Un ritmo ci prende per mano e ci trascina nel primo pezzo del disco, “Tutto eccetto me”. Una voce pulita e chiara sopra un rock fatto soprattutto dalla chitarra elettrica ci fa capire subito che, nonostante il pezzo possa sembrare ingenuo, si dicono cose importanti e i temi, se si sta attenti al testo, non sono così leggeri: sentirsi esclusi e soli nonostante attimi di allucinata egemonia sugli altri, allusioni abbastanza chiare alla droga e la dichiarazione di uno stato di totale oscurità in cui si versa.

Il secondo pezzo, “Pecora nera”, già col titolo sembra la naturale prosecuzione del disagio denunciato nel primo pezzo. Qui il rock si fa sentire più deciso nonostante un solo di chitarra dalle sonorità più blues. La propria esperienza si traduce in consigli che si dispensano al “tu” di chi ascolta: non c’è tempo per “capire” quando quel che conta è sopravvivere…“non reggerò mai la pressione di vivere”. Un testo importante per i fratelli Senna, che hanno deciso di realizzare per il pezzo un “lyric video”.

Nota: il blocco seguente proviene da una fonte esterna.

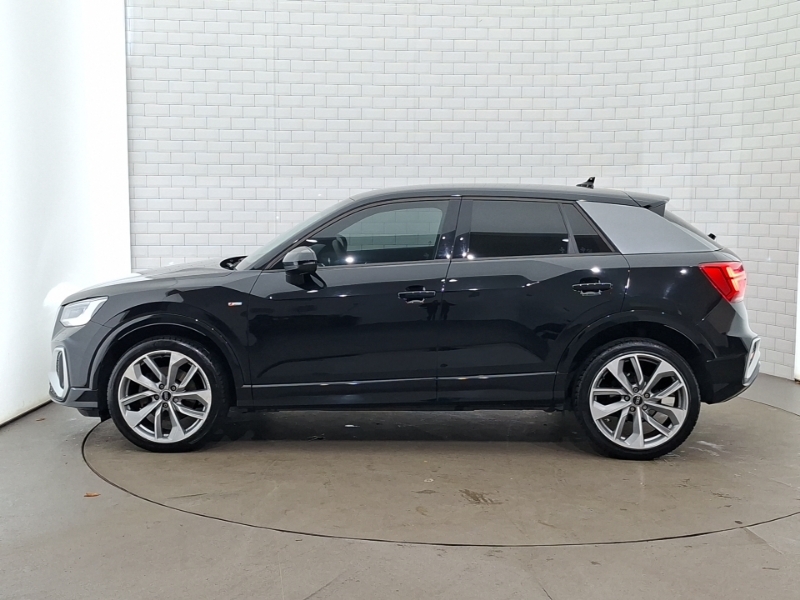 Audi Q2 35 Tfsi S Line S Tronic Black #4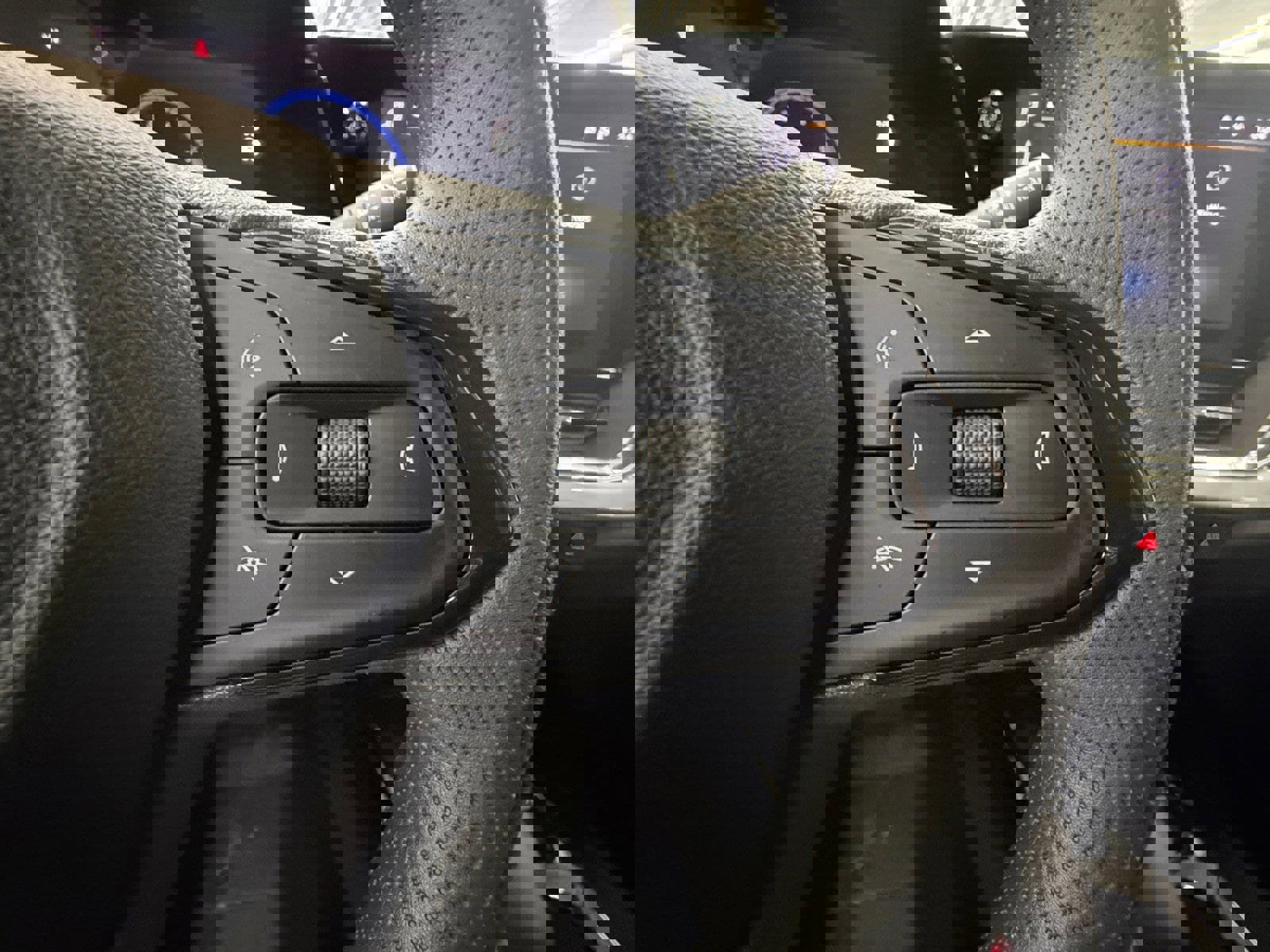 New 2026 Chevrolet Trax LT image 18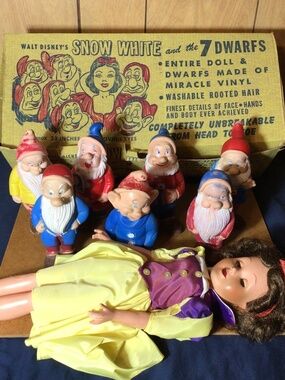 RARE DISNEY SNOW WHITE &7 DWARFS VINYL  DOLL SET CERCA 1950’s
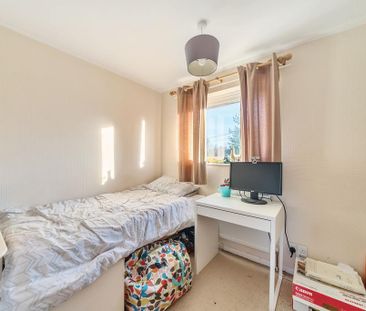 4 bedroom terraced house to rent - Photo 3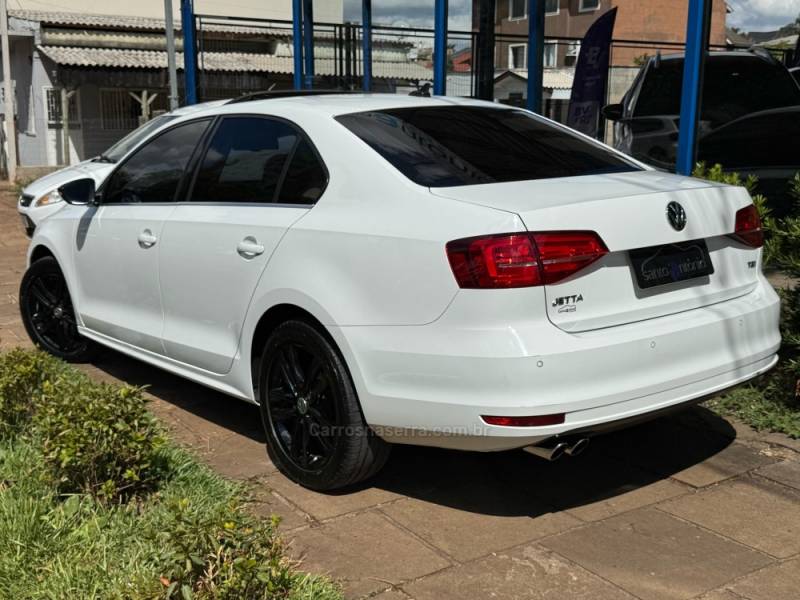 VOLKSWAGEN - JETTA - 2016/2016 - Branca - R$ 99.900,00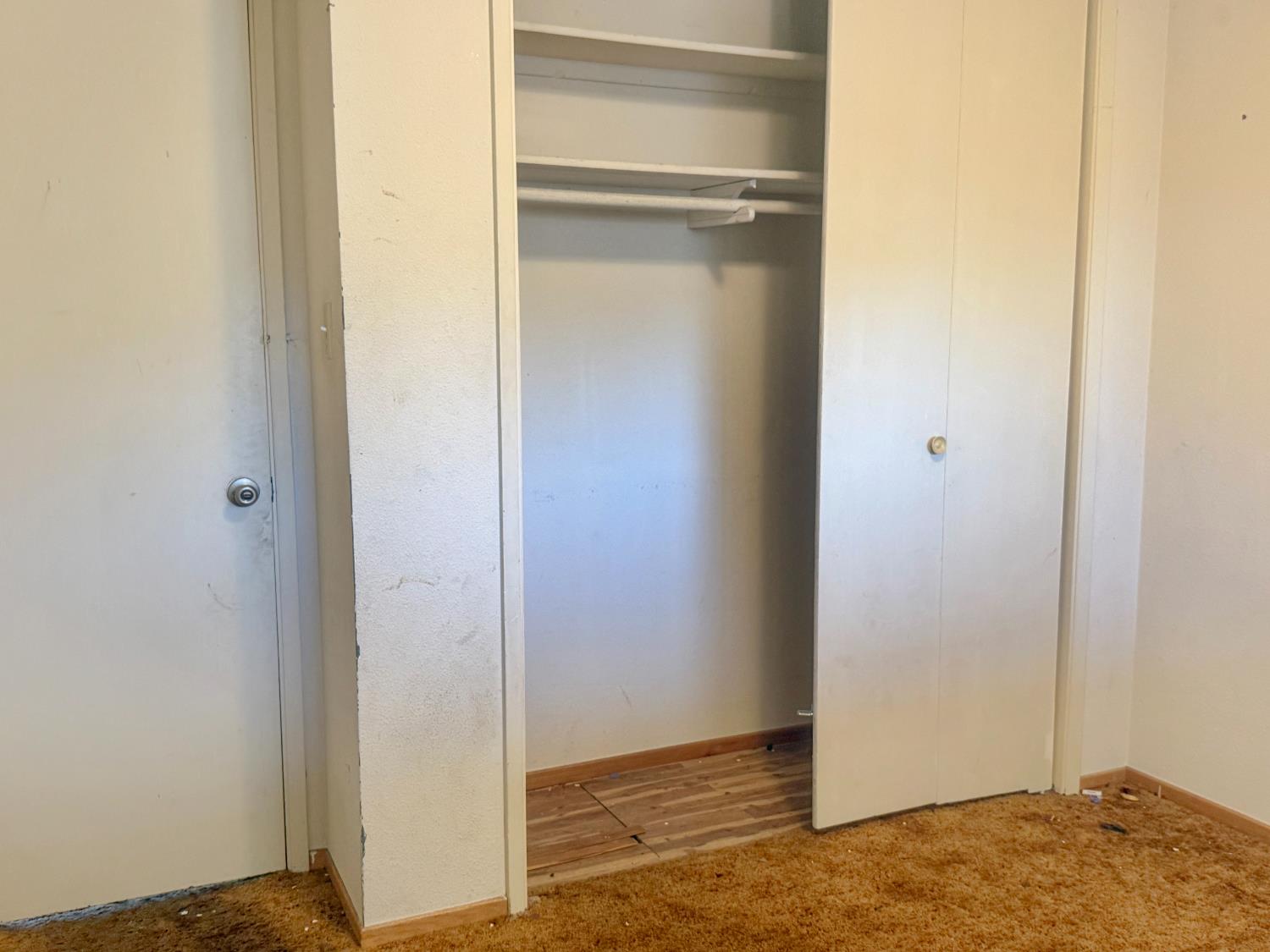 6445 7th St, Riverbank, CA 95367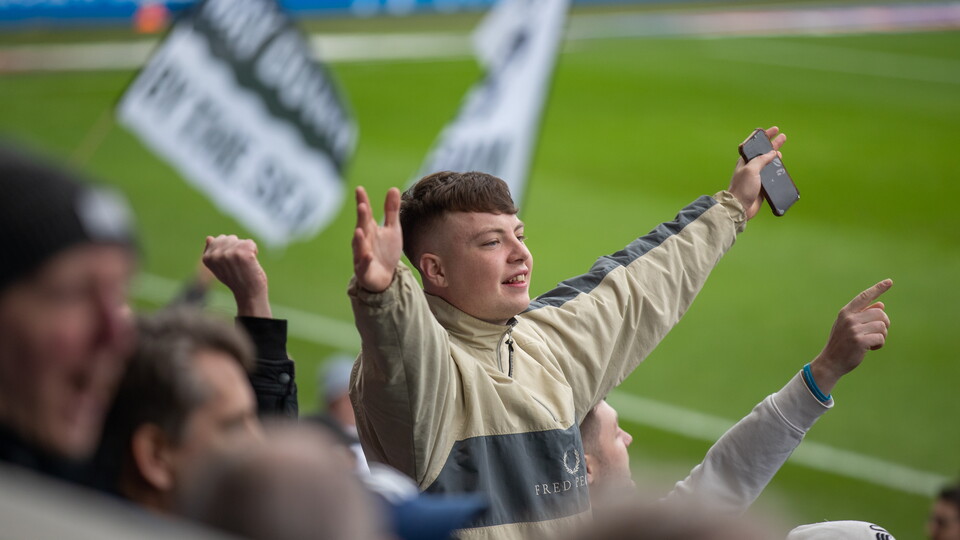Cardiff (H) fan gallery 23-24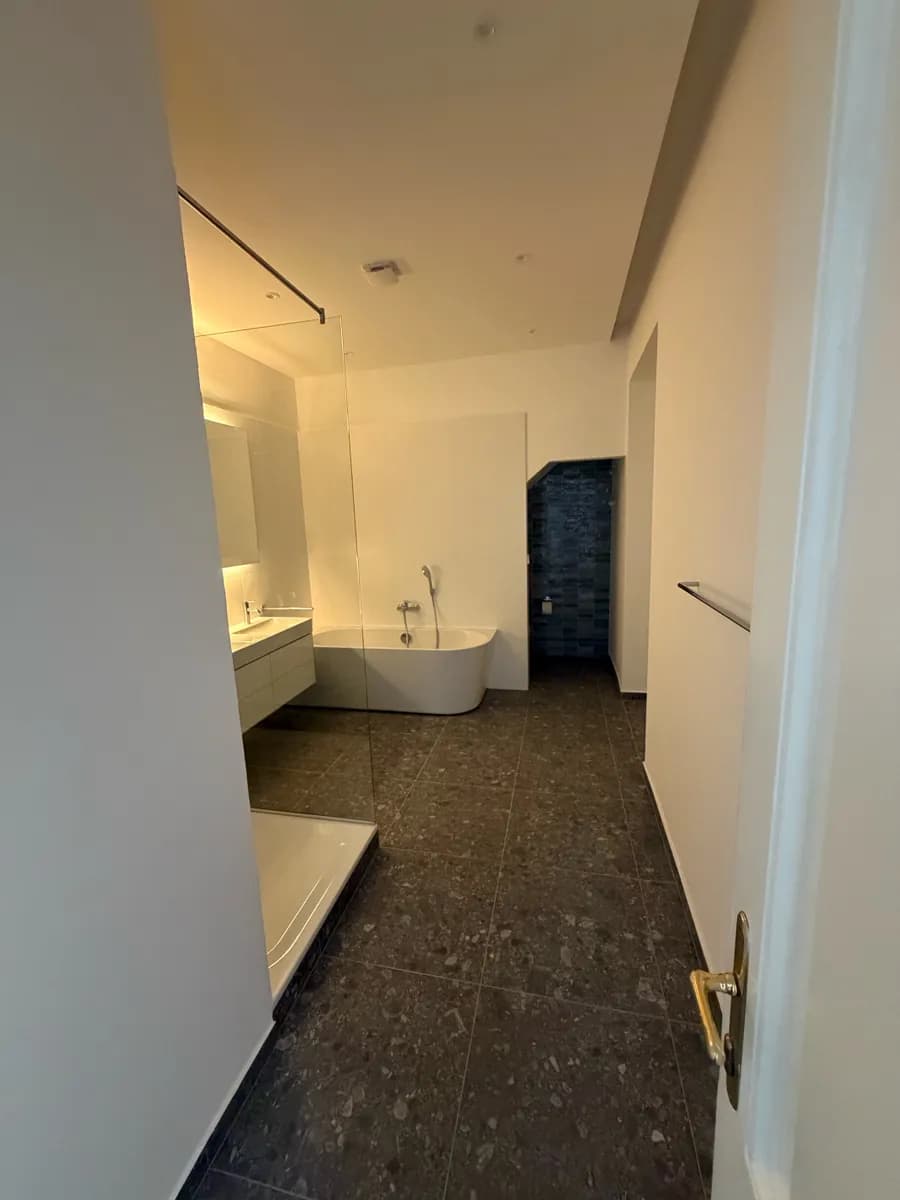 4-Zimmer-Wohnung mieten in Wien – 150 m², € 3.200 – Bild 19 von 27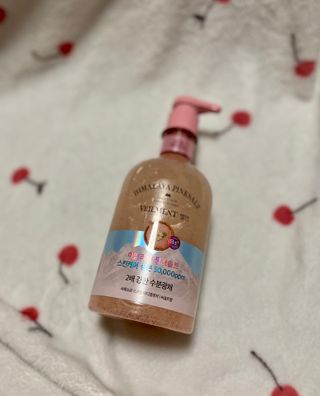 벨먼 내추럴스파 수분광채 스크럽 바디워시 600ml 5종 — 4.5점을 준 리뷰어가 2022년 5월 올린 사용 사진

Si passa a un blues vero e proprio con “Navigli blues”: la giornata prosegue con una serata “a lume di led”. Note morbide e ritmo ballabile raccontano una realtà relativamente nuova ma trita e ritrita, che ci fa essere ancora più pecore nel gregge: essere in lista per passare la serata a bere cocktail e postare foto con ragazze appena conosciute per far ingelosire le ex. Un simpatico mantra: “Togli la sicura, slaccia la cintura” fa capire che la serata non prosegue: la polizia ferma la macchina con il guidatore in stato di ebbrezza. Una canzone dal tono scanzonato in cui praticamente tutti, dai venti anni in su, si ritrovano: siamo tutti vittime delle nostre serate “alternative” (?).

Molto poetica e piena di echi, letterari e musicali, l’ultima traccia, che racconta di un passato fatto di B-side, titolo infatti del pezzo, ed LP contro un presente in digitale. Una riflessione sul “progresso” piena di malinconia. Musicalmente a sé rispetto agli altri tre pezzi, “B-side” risulta essere una “summa” dolce-amara e un buon “rovescio della medaglia-disco”.